HELLO WORLD, I AM BEING MOTHER FUCKING PERSECUTED TO DEATH TODAY BY MY NOISY DIRT BAG ACROSS THE HALL UNCOUTH FRIGGIN' NEIGHBORS, BUT I KNOW WHY, AND MY WONDERFUL MAGICAL BLACK KITTY CAT CONFIRMED WHAT I ALL READY KNEW WITH SOME GAWNUM QUERIES. THESE NOISY MOTHER FUCKERS HAVE BEEN SHOUTING IN THE HALLS AND SLAMMING DOORS ALL FUCKING DAY LONG, BUT SHIT BEGAN BEFORE THIS VERY EARLY THIS MORNING. A major long lasting FIRE ALARM attack struck around eight give or take, it was quite horrendous. I have been lucky lately, and have not had any, then when one comes suddenly out of the fucking blue, POW and WOW, it is major ass murder to deal and cope with folks.









FOR DECADES AND DECADES, A TREND HAS BEEN UNMISTAKABLE, AND ANYONE KNOWING OR SEEING IT AROUND ME FOR ALL THESE YEARS, WHO COULD ARGUE WITH ME THAT IT IS JUST SIMPLE PARANOIA ON MY PART, WOULD BE THE ONES IN DENIAL, AND HAVE THEIR OWN PSYCHOLOGICAL ISSUES TO ADDRESS, SINCE THERE IS NO MISSING THESE CONTINUAL TRIGGERS FOR MY ATTACKS, RELENTLESSLY, OVER NEARLY 30 YEARS GIVE OR TAKE NOW FOLK!!!!!!!!!!!!!!!!!!!!!!!!!!!!!




My mom's story will have to wait, still another blog chapter, as I am under a major death attack.
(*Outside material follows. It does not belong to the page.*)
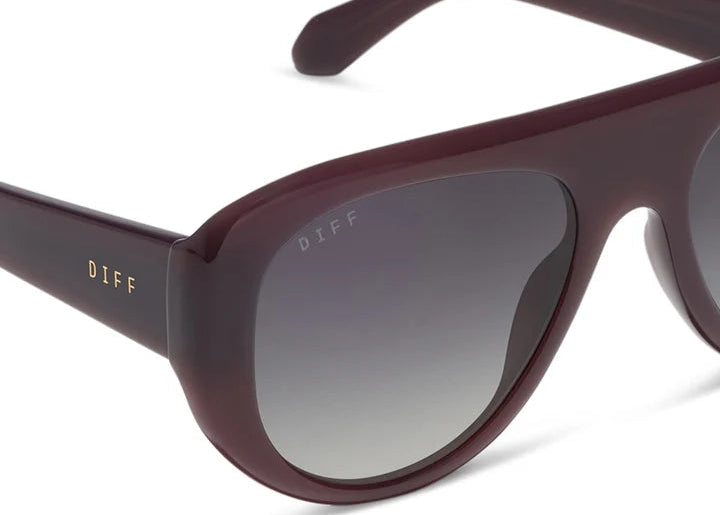 Pair of dark purple sunglasses with grey lenses on white background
The sky had some poinson in it earlier this morning, minor, but there, and there is so much to say and tell, there simply is nowhere near enopugh time to ever get is said todfay, so we must carefully section stuff up and tell just the biggest and most urgent highlaights for right now on this early friggin' evening of hellfire that is totally fucking unquenchable.

I will first tell you what the great cat and I discussed an hour or so ago, and his answers to y queries, and then tell a few things that wilol tie in my askung him these questions, as well as why I am whaled on and chewed to pieces today, by twenty Great Whites, simultaneously, at sea squared, with or without any of the frikkin' red lobsters swimming around.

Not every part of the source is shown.